Specialists cite several reasons why there have been few changes in US and Russian nuclear policy since 1991. In recent years, Moscow has placed greater emphasis on nuclear arms as its conventional military forces have deteriorated. Meanwhile, Washington maintains aggressive submarine patrols off Russian coasts, remains prepared to take out much of the Russian nuclear deterrent before Moscow can retaliate, and has scrapped the Anti-Ballistic Missile Treaty with Russia to construct a national missile defense system that raises Russian suspicion about American intentions.

But the biggest impediment may be Cold War attitudes.

''It's a Cold war mind-set and a function of standard-operating procedures continuing,'' said Robert S. McNamara, secretary of defense during the Kennedy and Johnson administrations.

Military postures underlie those attitudes. ''As long as Russia can launch nuclear ballistic missiles on short notice against the US, the US must maintain a similar capability against Russia. And vice versa,'' Nunn said.

Arms-control advocates applaud the recent US and Russian approval of a treaty to reduce their deployed long-range nuclear forces to between 2,200 and 1,700 warheads over the next decade. But the single-page treaty, approved this week by the Federation Council, the upper house of the Russian parliament, is based primarily on faith. There is no process for verification, and the missiles taken off the front line can be placed in storage for later use.

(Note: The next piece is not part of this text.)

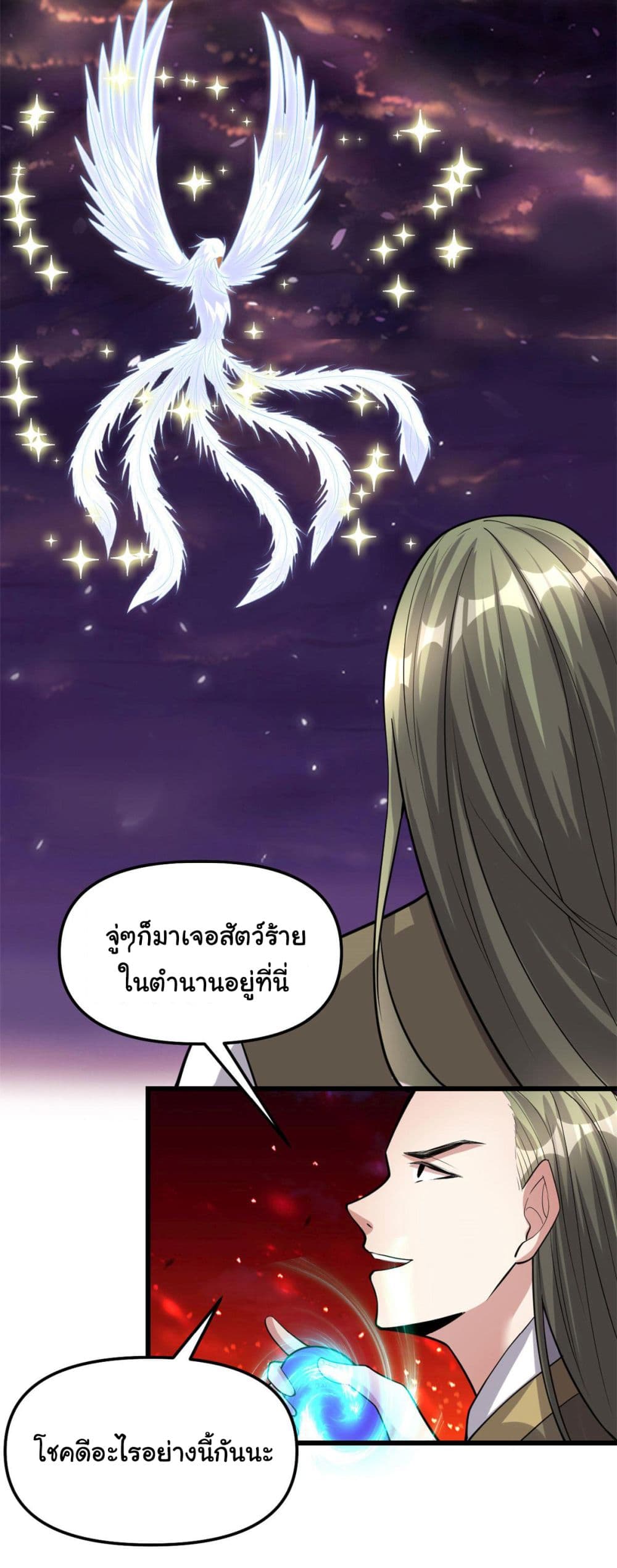 อ่านการ์ตูน I might be A Fake Fairy 256 ภาพที่ 11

''Even assuming the full implementation of the Moscow Treaty in the year 2012, thousands of US and Russian nuclear weapons will remain on hair-trigger alert and will have the capability to destroy both societies within one hour,'' Nunn said.

A new Rand Corporation report, titled ''Beyond the Nuclear Shadow,'' acknowledges that the two countries have come far. They cooperate on reducing the dangers of nuclear, chemical, and biological weapons materials left over from the Soviet Union. Russia is a full partner in the war on terrorism, even helping the US military obtain rights to operate military bases in Central Asia during the Afghan war.

But the Rand report adds that both countries ''still retain nuclear postures and deterrence doctrines formulated when tension between them was much higher than it is today.''

The report calls on Bush and Putin to take nuclear weapons off hair-trigger alert, something Bush, as a candidate in 2000, called ''another unnecessary vestige of Cold War confrontation.'' The report also suggests placing sensors on US and Russian missile silos so that the countries can monitor each other; pulling back US ballistic missile and attack submarines from Russia; removing warheads from US sub-launched Trident missiles; and pursuing a joint missile shield, among other confidence-building measures.

It will not be accomplished in today's one-hour meeting, but Rand says the ultimate goal for the two nuclear powers should be a relationship more like that of France and Britain. ''Both are nuclear powers with divergent views on some issues, yet neither would consider using nuclear weapons or even military force against the other to settle a dispute.''

Rolling back the Cold War mind-set also would set an example for other countries, such as nuclear-armed rivals India and Pakistan. Continuing on the current course, according to McNamara, ''is, over time, going to proliferate weapons in other nations.''

Filipov reported from Moscow; Bender from Washington.